The demonstration on April 1, [1981] was very massive, as is known from history, from the photographs you have seen. They first chased us with tear gas to disperse us along the road above the assembly, behind the theater. Then we gathered again and went out behind where Skanderbeg Square is now, and we stayed for hours. Chanting. Eventually, they again threw tear gas at us. They dispersed us. On April 2, it continued above the Student Canteen. Singing, chanting, and the road was under construction. The large sewage pipes, the male students… the police were below at the Student Canteen, and we were rolling the pipes down.

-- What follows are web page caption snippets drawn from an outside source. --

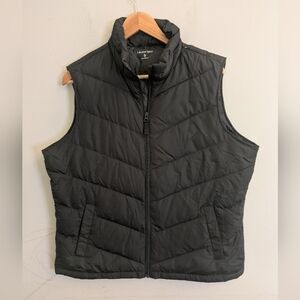 Land's End Black Goose Down Quilted Puffer Vest Size XL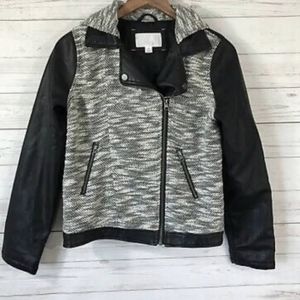 Leather and fabric jacket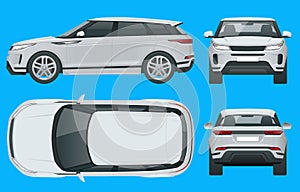 Off-road write car Modern VIP transport. Compact crossover, SUV, 5-door station wagon car. Offroad truck template vector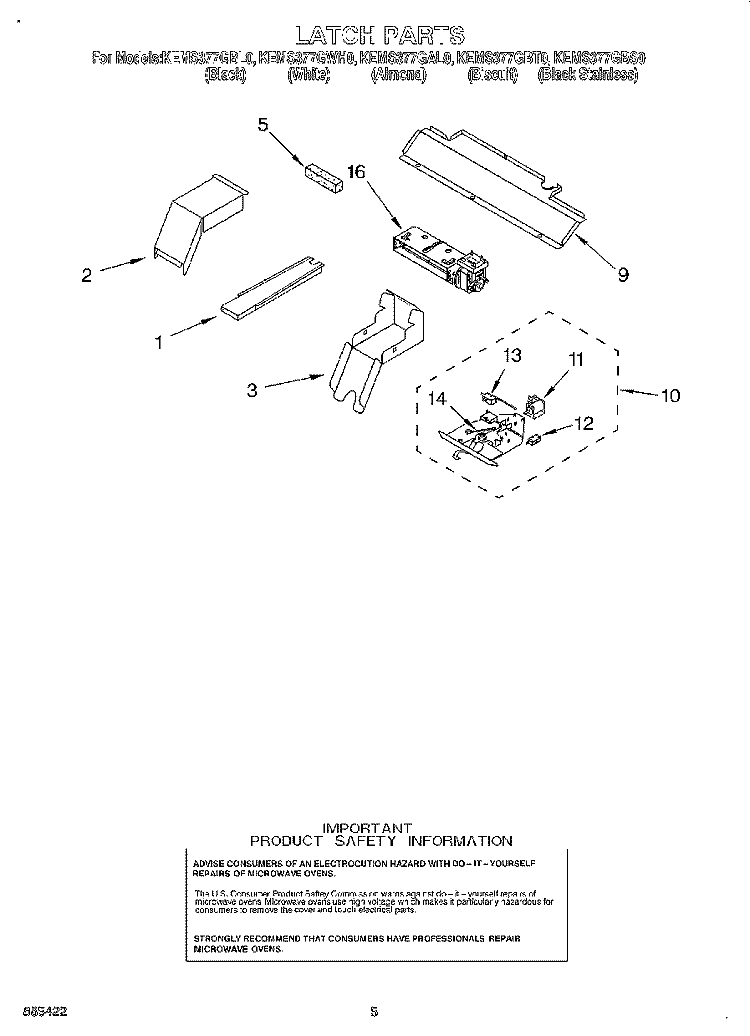 LATCH Diagram and Parts List for KEMS377GAL0  KitchenAid Microwave Oven Combo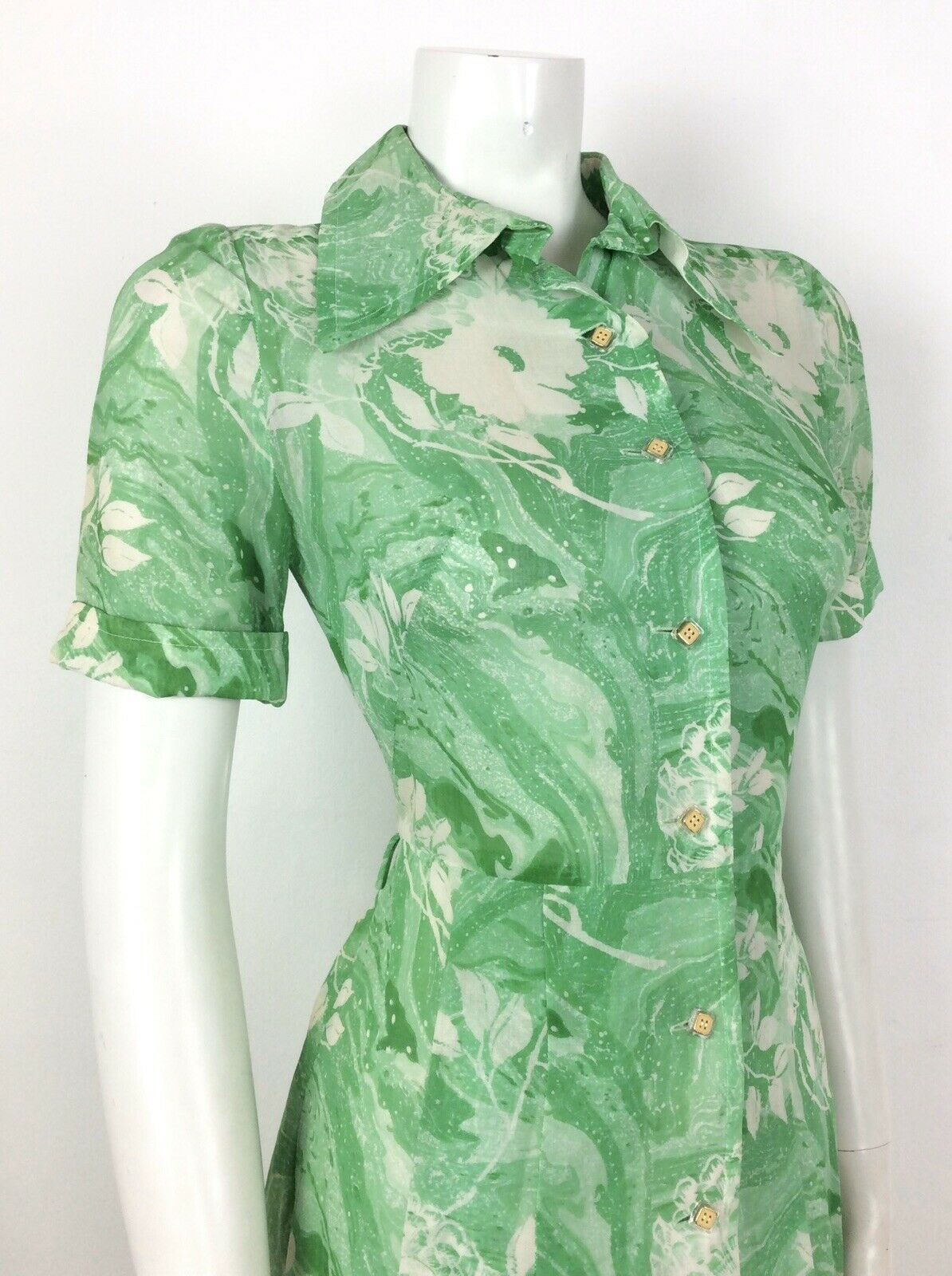 VINTAGE 60s 70s GREEN WHITE SWIRL PSYCHEDELIC SHIRT TEA DRESS 10 12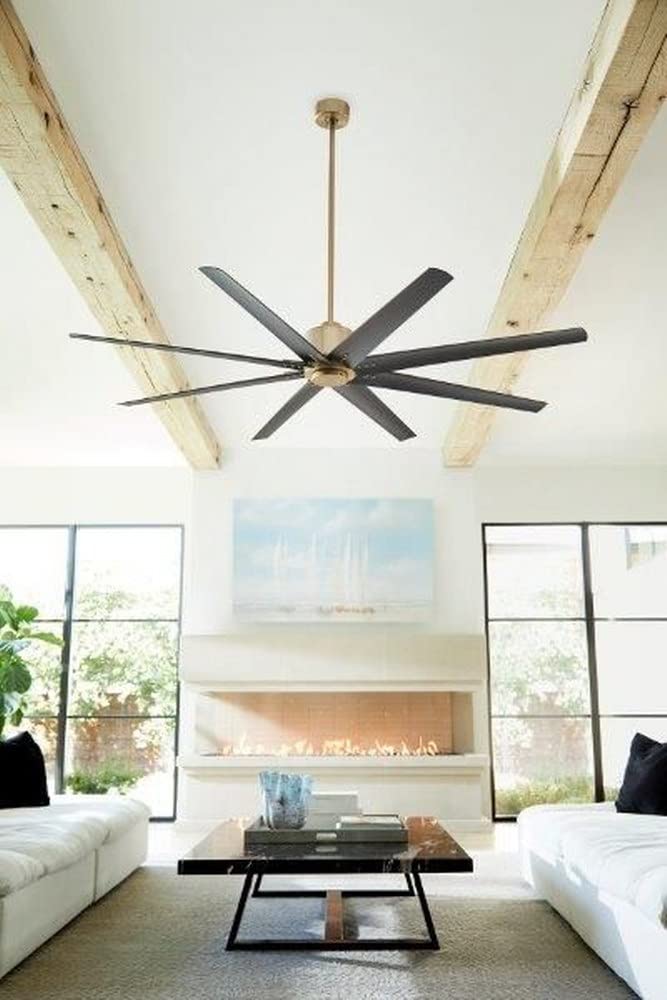 72 Inch Ceiling Fan with Aged Brass Finish - Modern Large Room Cooling Fan for Living Room, Bedroom, and Outdoor Patio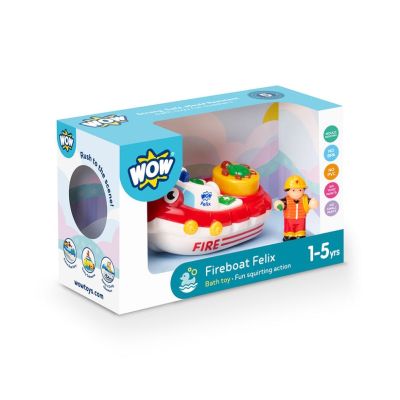 Jucarie de baie Barca de pompieri Fireboat Felix WOW Toys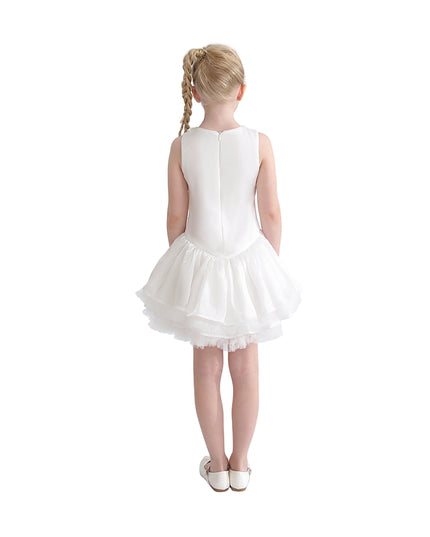 kids atelier tulleen White Arabella Floral Tulle Dress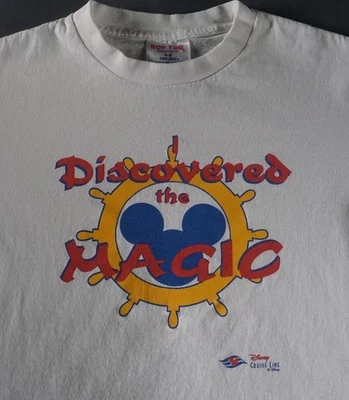 Vintage Disney Cruise Line Shirt Youth Medium White Discovered the Magic Tee 90s - Image 1 of 4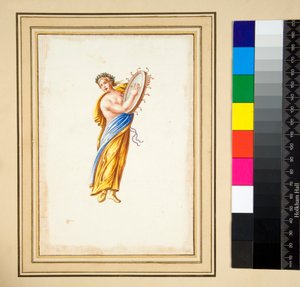 Draperad figur som slår en trumma (svart krita, en del med penna och brunt bläck. färgad med akvarell) av Pietro Santi Bartoli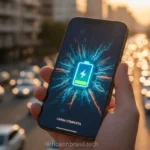 iPhone 17 com bateria cheia, simbolizando longa duração.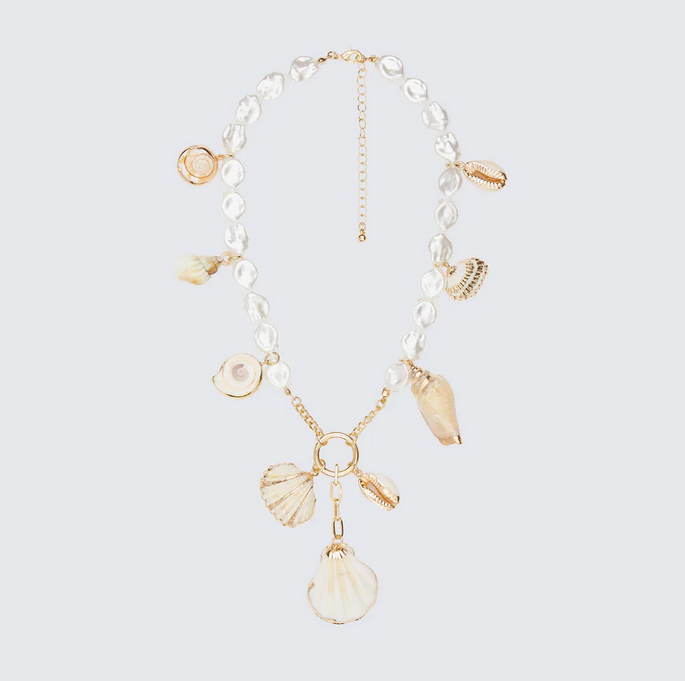 Finesse Mika Gold Shell Charm Pearl Necklace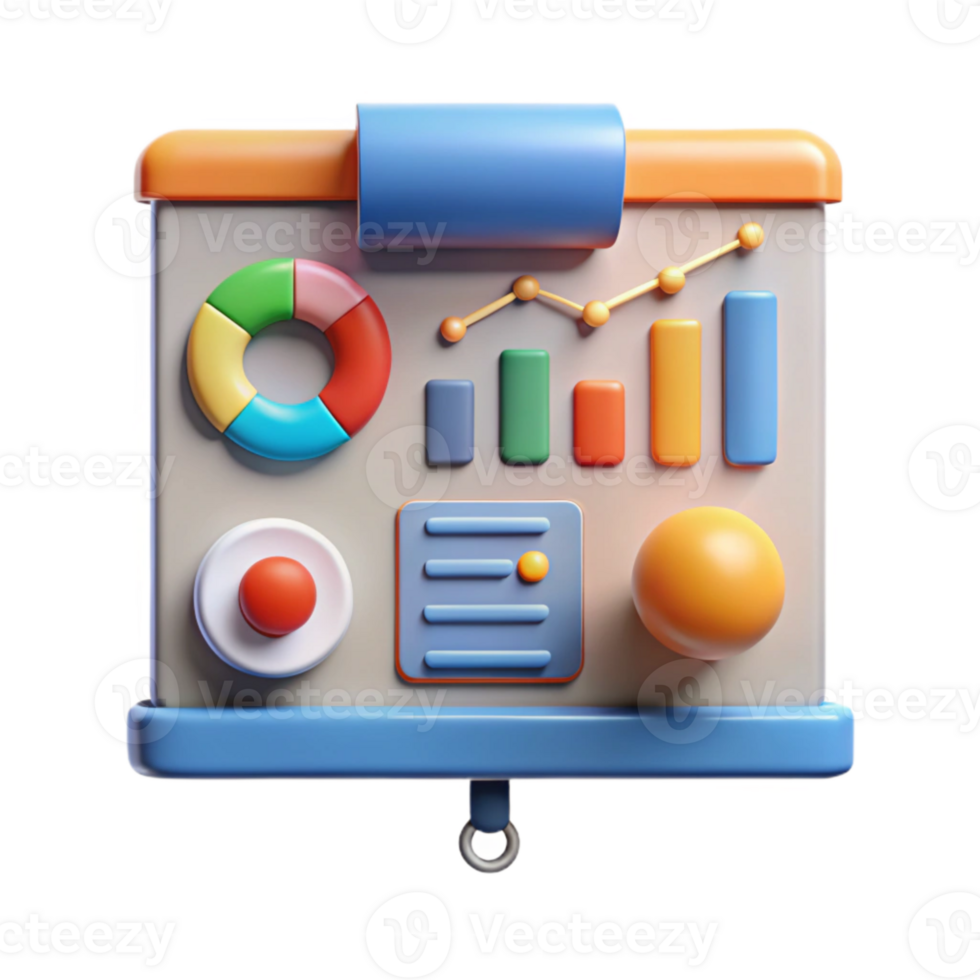 vibrant creative Presentation with Charts and Graphs Cutout professional png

[…] On April 11, we then went to visit my father [in prison] in Mitrovica. Because at that time, he was in Mitrovica. On May 1, they came to arrest me, in ‘81. I didn’t want to at first, since I wasn’t at home, I got the news about the house search and stayed at my uncle’s. Then I went into hiding until August 4, [1981]. I tried, with a few, to leave abroad. The goal was to get a fake passport, but I couldn’t secure one. On August 3, I decided, I said, I’m going to prison, let them sentence me and I’ll serve the sentence because I can’t live underground.
Hidajete Osmani Bytyqi was born in 1957 in Makresh, Artana Municipality. In 1975-1976, she studied at the University of Pristina, Faculty of Albanian Language and Literature. She was imprisoned in 1981 due to her political activism and was sentenced to two years in prison. In 1995, she was employed as a teacher at the “Fadil Hisari” school in Prizren. After the war, she worked at the “Hysen Rexhepi” primary school, from where she retired. Ms. Osmani Bytyqi lives with her family in Prizren.